No Reino Unido, o Centro de Ética e Inovação de Dados (CDEI) pediu ao governo e ao restante do setor público que tratasse da confiança e da conscientização do público em torno do compartilhamento de dados.

Um relatório sobre a confiança pública e compartilhamento de dados feito pelo CDEI mostrou que as barreiras ao compartilhamento de dados são muitas vezes reforçadas pela falta de confiança pública e uma ausência de um entendimento desenvolvido da aceitabilidade pública, e que os benefícios do compartilhamento de dados não são sentidos igualmente entre o público.

Cenário que também ocorre aqui no Brasil, apesar de termos algumas iniciativas em relação ao uso de dados, a exemplo do Portal da Transparência. De fato, algumas pessoas acreditam que o governo prioriza o uso de dados para aumentar a eficiência e cumprir seus próprios objetivos, em vez do benefício explícito e direto para os cidadãos individuais.

Embora questões como aspectos técnicos, jurídicos e culturais sejam importantes, há indiscutivelmente uma questão mais ampla em jogo.

Enquanto temos um entendimento do acordo social entre o cidadão e o estado em relação à tributação e gastos públicos, o mesmo não acontece com os dados.

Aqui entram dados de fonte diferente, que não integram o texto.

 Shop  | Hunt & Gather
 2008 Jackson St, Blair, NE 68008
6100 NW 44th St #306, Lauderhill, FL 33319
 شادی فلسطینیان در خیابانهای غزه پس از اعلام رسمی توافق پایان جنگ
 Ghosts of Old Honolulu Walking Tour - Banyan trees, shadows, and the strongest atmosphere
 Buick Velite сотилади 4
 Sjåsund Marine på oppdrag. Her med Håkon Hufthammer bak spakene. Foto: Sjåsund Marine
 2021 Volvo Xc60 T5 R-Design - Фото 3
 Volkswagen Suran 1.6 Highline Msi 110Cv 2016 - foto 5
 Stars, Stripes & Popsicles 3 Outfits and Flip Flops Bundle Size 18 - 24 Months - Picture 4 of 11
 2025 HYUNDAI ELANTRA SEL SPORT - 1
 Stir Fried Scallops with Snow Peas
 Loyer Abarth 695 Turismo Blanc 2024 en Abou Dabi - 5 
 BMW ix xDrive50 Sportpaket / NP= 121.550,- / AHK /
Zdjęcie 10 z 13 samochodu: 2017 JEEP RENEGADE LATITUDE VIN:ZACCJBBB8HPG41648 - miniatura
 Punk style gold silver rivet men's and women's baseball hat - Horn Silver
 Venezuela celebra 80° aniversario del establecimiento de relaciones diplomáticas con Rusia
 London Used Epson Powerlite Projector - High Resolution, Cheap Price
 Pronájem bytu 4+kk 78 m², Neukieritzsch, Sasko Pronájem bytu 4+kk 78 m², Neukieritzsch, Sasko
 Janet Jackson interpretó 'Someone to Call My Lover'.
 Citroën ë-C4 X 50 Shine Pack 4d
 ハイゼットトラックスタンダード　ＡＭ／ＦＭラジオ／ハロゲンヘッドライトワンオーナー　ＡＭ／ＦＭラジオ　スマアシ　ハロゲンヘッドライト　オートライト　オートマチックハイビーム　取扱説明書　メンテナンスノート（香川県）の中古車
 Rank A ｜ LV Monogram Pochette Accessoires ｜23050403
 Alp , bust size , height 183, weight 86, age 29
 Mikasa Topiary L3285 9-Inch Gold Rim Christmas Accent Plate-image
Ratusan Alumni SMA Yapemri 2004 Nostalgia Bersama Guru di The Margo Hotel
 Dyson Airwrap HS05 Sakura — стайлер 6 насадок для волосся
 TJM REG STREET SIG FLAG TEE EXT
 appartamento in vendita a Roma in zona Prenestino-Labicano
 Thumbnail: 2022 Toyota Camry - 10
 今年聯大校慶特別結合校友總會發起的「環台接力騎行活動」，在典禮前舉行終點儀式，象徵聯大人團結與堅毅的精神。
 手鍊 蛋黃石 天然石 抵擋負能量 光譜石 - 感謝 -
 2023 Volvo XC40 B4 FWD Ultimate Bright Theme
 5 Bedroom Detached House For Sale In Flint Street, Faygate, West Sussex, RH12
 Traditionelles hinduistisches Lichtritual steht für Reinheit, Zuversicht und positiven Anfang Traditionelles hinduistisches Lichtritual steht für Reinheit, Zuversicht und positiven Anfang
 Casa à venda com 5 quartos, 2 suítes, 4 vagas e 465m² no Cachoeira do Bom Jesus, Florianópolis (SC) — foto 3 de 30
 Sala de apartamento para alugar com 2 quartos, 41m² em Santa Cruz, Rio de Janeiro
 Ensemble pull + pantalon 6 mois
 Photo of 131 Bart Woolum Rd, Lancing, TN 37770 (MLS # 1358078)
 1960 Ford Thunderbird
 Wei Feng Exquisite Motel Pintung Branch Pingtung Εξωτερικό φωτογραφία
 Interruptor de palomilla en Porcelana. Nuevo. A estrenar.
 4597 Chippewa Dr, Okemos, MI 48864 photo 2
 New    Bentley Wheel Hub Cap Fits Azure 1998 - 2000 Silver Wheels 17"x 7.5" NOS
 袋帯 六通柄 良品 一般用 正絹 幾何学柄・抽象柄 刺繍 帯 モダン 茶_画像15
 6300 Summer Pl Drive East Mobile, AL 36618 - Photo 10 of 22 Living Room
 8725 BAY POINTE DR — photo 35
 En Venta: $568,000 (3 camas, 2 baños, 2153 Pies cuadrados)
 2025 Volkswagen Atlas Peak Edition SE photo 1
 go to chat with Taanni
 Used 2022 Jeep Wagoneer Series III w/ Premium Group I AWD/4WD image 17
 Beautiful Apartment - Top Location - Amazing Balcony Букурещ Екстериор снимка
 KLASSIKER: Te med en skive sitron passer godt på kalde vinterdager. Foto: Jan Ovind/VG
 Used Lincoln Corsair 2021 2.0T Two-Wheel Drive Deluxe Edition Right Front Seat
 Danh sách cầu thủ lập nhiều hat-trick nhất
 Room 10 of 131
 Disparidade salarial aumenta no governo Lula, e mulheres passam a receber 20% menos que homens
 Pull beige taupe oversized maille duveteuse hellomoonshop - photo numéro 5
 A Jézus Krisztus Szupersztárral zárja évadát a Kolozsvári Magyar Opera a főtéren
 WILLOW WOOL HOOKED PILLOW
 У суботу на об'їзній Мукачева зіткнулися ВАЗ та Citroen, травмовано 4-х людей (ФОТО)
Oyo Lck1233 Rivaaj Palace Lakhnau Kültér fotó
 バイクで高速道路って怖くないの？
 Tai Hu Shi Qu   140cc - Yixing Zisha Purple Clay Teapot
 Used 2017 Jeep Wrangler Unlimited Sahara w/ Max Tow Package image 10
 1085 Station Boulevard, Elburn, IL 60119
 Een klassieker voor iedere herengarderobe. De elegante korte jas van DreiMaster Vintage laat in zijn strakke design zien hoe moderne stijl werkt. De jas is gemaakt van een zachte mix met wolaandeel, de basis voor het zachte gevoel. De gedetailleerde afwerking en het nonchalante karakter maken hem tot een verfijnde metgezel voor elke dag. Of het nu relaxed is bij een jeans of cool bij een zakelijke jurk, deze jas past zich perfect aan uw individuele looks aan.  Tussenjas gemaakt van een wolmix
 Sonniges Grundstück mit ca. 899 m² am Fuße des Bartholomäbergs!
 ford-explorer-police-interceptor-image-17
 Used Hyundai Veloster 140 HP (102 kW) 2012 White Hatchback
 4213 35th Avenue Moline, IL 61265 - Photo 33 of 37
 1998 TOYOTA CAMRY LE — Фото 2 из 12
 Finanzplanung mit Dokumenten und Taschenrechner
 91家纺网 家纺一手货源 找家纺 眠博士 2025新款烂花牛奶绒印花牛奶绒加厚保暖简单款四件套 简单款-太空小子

Uma vez que as informações são talvez tão importantes para o funcionamento do estado quanto o dinheiro, e sua importância está aumentando, a verdade é que é hora de considerar um pacto claro entre o cidadão e o estado sobre como os dados são compartilhados e usados.

O compartilhamento de dados é vital para o desenvolvimento, teste e uso de novas tecnologias e iniciativas.

Ele também é vital para o funcionamento dos serviços públicos, no entanto, o governo central quanto o setor público como um todo, tem tido esforços limitados para lidar com a confiança pública, apesar de trabalhar muito para lidar com as barreiras legais e técnicas ao compartilhamento de dados.

Os cidadãos acreditam que o uso de dados pelo governo não está servindo aos seus interesses

Tal incerteza pode significar que projetos potencialmente valiosos não prosseguem, pois as ‘regras do jogo’ não são claras. Em outros casos, os dados são compartilhados, mas com pouca conscientização pública.

Isso arrisca prejudicar ainda mais a confiança caso os dados se tornarem amplamente divulgados, especialmente devido às evidências de que ocorre uma clara falta de cuidados no uso governamental.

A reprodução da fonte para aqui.